A Asos, uma das maiores lojas online de moda e beleza do mundo, atualizou sua política de bem estar animal decretando o fim do uso de diversas matérias-primas como seda, penas e plumas, lã mohair e cashmere em todos os produtos comercializados em seu e-commerce até o fim de 2019.
Depois dos anúncios de grandes marcas e e-commerces de luxo como Gucci e Net-À-Porter dando adeus à pele, e diversas marcas, como a Zara, tirando o Angora da sua cadeia produtiva, a inglesa vai mais longe ao banir matérias-primas ainda amplamentes utilizadas pela moda. A nova política, mais ampla e condizente com os tempos atuais, também não permite a comercialização de matérias-primas como chifres, conchas, dentes, ossos e pérolas. Couros considerados exóticos como de crocodilo, píton e avestruz, além de pêlos, incluindo peles de cordeiros da Mongólia e Angora, já não eram comercializados pela empresa.

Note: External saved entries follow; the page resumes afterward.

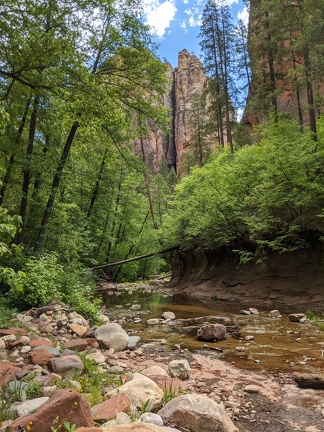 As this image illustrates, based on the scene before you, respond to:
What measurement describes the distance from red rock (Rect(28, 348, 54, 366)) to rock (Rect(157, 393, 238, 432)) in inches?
97.9

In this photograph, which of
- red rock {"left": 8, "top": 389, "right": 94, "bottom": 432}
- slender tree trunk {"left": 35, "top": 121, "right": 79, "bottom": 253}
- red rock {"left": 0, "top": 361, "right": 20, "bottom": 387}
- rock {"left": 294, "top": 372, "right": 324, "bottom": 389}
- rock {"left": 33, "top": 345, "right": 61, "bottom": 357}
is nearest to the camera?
red rock {"left": 8, "top": 389, "right": 94, "bottom": 432}

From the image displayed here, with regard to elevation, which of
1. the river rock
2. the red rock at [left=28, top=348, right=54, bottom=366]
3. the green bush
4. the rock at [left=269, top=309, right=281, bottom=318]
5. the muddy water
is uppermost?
the green bush

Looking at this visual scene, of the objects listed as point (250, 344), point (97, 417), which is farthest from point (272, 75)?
point (97, 417)

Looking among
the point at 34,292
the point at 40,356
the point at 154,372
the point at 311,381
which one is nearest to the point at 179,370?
the point at 154,372

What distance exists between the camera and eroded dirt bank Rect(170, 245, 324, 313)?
43.4ft

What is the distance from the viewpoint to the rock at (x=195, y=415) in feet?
11.1

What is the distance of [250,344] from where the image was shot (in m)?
7.82

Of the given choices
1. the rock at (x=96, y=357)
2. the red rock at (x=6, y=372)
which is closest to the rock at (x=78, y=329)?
the rock at (x=96, y=357)

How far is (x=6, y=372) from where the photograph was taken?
4414 millimetres

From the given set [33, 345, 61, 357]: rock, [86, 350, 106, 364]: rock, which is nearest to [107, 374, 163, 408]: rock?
[33, 345, 61, 357]: rock

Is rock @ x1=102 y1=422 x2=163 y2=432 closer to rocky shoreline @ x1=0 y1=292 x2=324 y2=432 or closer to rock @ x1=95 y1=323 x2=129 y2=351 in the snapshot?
rocky shoreline @ x1=0 y1=292 x2=324 y2=432

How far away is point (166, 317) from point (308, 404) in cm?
739

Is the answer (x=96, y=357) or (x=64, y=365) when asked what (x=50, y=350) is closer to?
(x=64, y=365)

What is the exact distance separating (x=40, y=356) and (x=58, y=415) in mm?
2725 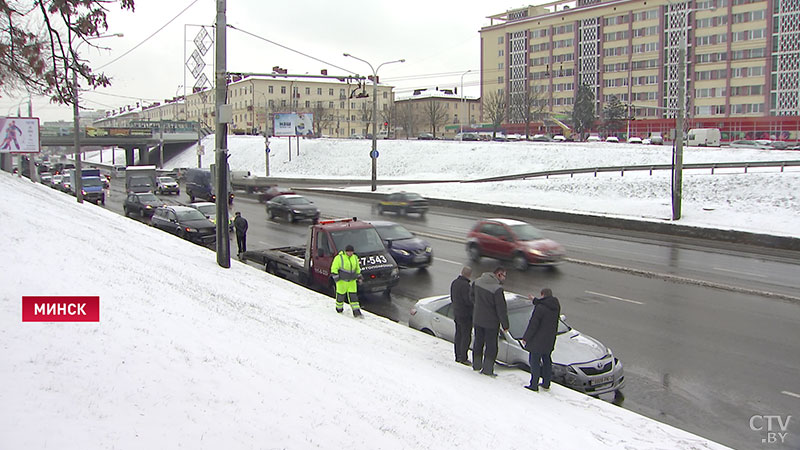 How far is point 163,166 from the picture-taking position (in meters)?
92.7

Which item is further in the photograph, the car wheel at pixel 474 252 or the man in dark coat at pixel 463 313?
the car wheel at pixel 474 252

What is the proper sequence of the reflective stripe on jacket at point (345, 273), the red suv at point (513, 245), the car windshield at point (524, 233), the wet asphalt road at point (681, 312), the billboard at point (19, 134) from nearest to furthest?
the wet asphalt road at point (681, 312) < the reflective stripe on jacket at point (345, 273) < the red suv at point (513, 245) < the car windshield at point (524, 233) < the billboard at point (19, 134)

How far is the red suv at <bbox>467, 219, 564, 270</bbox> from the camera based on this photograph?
60.8 ft

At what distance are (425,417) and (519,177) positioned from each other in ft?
137

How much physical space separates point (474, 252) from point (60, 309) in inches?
566

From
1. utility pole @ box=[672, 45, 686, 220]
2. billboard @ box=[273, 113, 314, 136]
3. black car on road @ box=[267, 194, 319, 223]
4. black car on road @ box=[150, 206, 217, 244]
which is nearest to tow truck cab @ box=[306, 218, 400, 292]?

Certos tipos de couro, lã e outros pêlos de animais considerados subprodutos da indústria de carne podem ser comercializados contanto que atestem fornecedores com boa criação de animais – o que, cá entre nós, sabemos ser praticamente impossível. A política também vai exigir um cuidado redobrado por conta dos compradores da marca para garantir que itens verdadeiros não passem como sintéticos. Porém, a atualização de políticas da Asos mostra como as marcas estão cada vez mais afastando sua imagem do universo da exploração animal.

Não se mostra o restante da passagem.